# Choosing elements of an array based on given probabilities for each element

I'm not well-versed in statistics at all. I'm currently working on an implementing an optimization algorithm, and am having a bit of trouble on this part.

I have an array of $n$ elements $A = \left\{a_{i}\right\}$ where $a_{i}\in\mathbb{R}$ and $1 \le i \le n$. Furthermore, I have an array of probabilities given by $P = \left\{p_{i}\right\}$ with $p_{i}\in[0,1]$. (Also, $\sum_{i} p_{i} = 1$ of course) If it matters, the probability distribution is triangular with $i=1$ having the highest probability and $i=n$ having the smallest probability.

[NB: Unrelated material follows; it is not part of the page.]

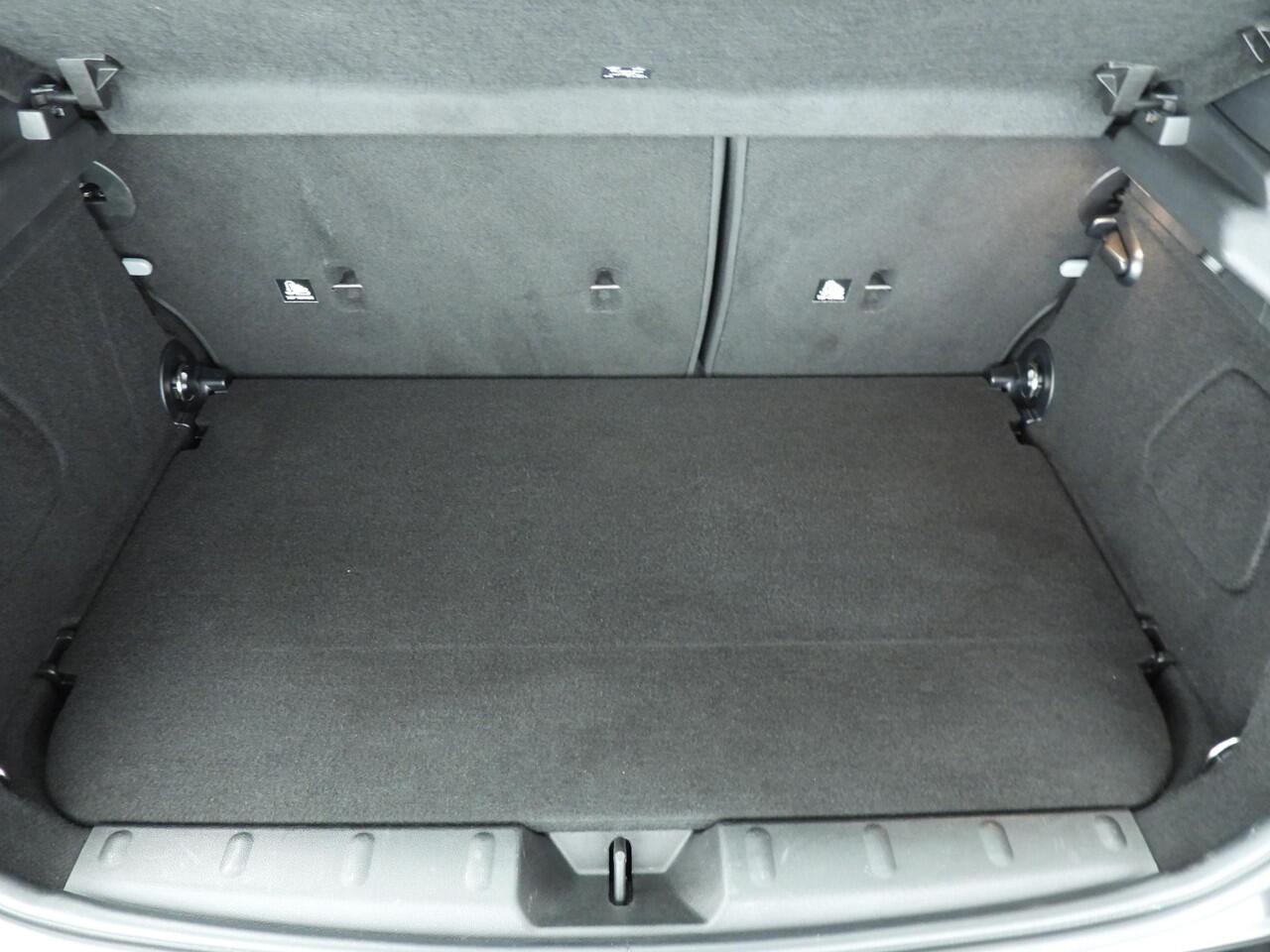 Mini COOPER 5-deurs | LED | HUD | Schuifdak | Sportstoelen | Keyles go | Stoelverwarming | DAB | Harman-kardon sound | Alu 16 inch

Now I want to choose $q < n$ distinct elements from $A$ using the probabilities of selection from $P$. I'm currently coding the algorithm in MATLAB, but I'm not sure how to go about choosing the $q$ elements.

• Sampling with replacement, or without? When you say the "probability is triangular", the result is underdetermined - what is the ratio $p_2/p_1$? – Glen_b Jun 1 '14 at 0:18
• If you're sampling with replacement than the randsample function can do exactly what you ask (the exact line will be something like $samples=randsample(A,q,true,P)$). – Pat Jun 1 '14 at 1:30
• If without replacement then you'll need to specify exactly how the probabilities change when you remove a sample from the pool. The obvious way is to just renormalise the probabilites $P$ and repeat, until you've drawn $q$ samples (so you'll probably end up building a $for$ loop over $q$ iterations, each time calling randsample to draw a single weighted sample from the remaining available ones). But be sure this renormalisation makes physical sense for the system - it's entirely concievable that some systems may need a more involved re-calculation of sample probabilities. – Pat Jun 1 '14 at 1:36

## 2 Answers

To get a weighted random sample without replacement of size $m<n$ draw $n$ independent $u_i$'s with $\mathrm{Uniform}[0,1]$ distribution (using rand()), compute the keys $k_i=u_i^{1/p_i}$, and pick the $m$ elements with largest $k_i$'s. The $p_i$'s don't need to be normalized.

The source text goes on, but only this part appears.